_Task to complete_
Copy the data precisely, character for character, and leave out every picture.

_Given material_
>>>>>
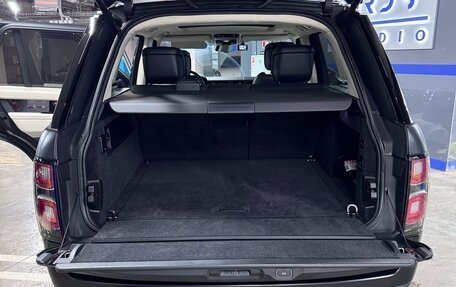 Land Rover Range Rover IV рестайлинг, 2019 год, 9 500 000 рублей, 4 фотография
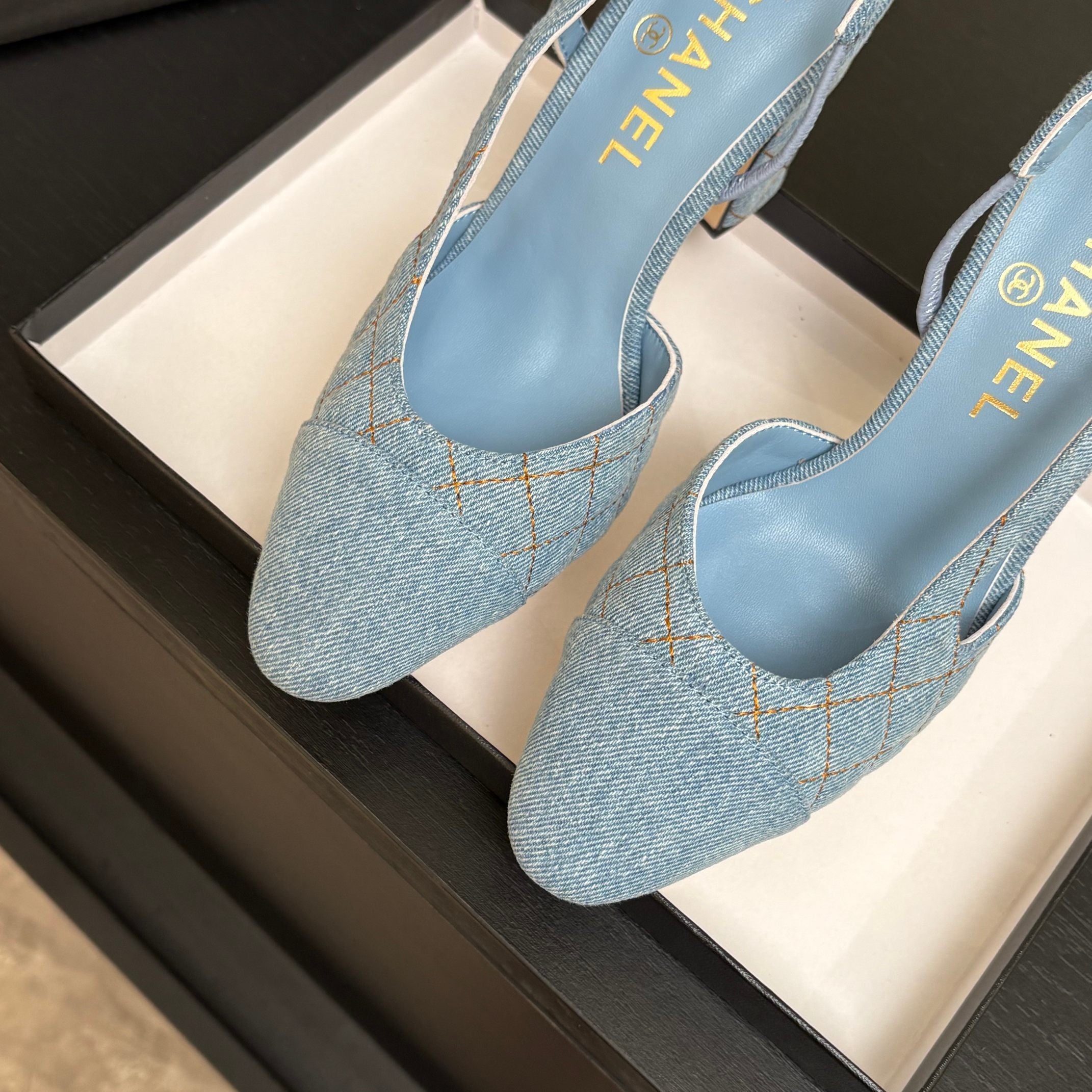 Chanel 2026 Shoe Denim Suede Sheepskin 958004
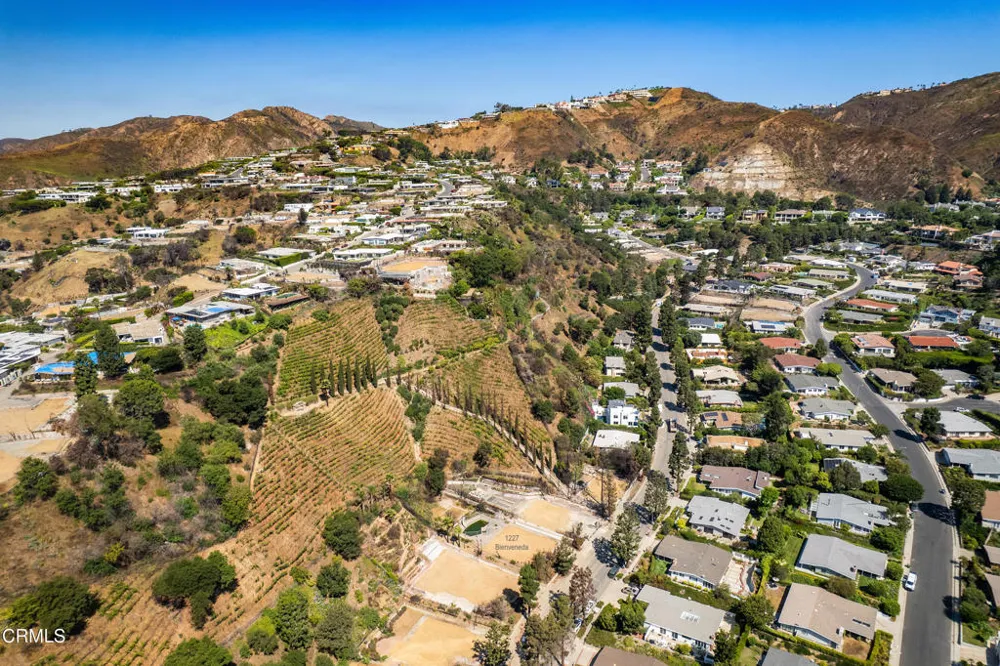 1227 Bienveneda Avenue Los Angeles, CA 90272
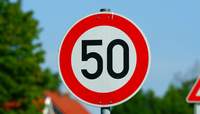 Mit 95 gemessenen km/h durch die 50er-Zone. Bei Godramstein auf der B 10.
<<<<<
_Reply_
 Land Rover Range Rover IV рестайлинг, 2019 год, 9 500 000 рублей, 4 фотография
 Chanel 2026 Shoe Denim Suede Sheepskin 958004
 1227 Bienveneda Avenue Los Angeles, CA 90272
 Mit 95 gemessenen km/h durch die 50er-Zone. Bei Godramstein auf der B 10.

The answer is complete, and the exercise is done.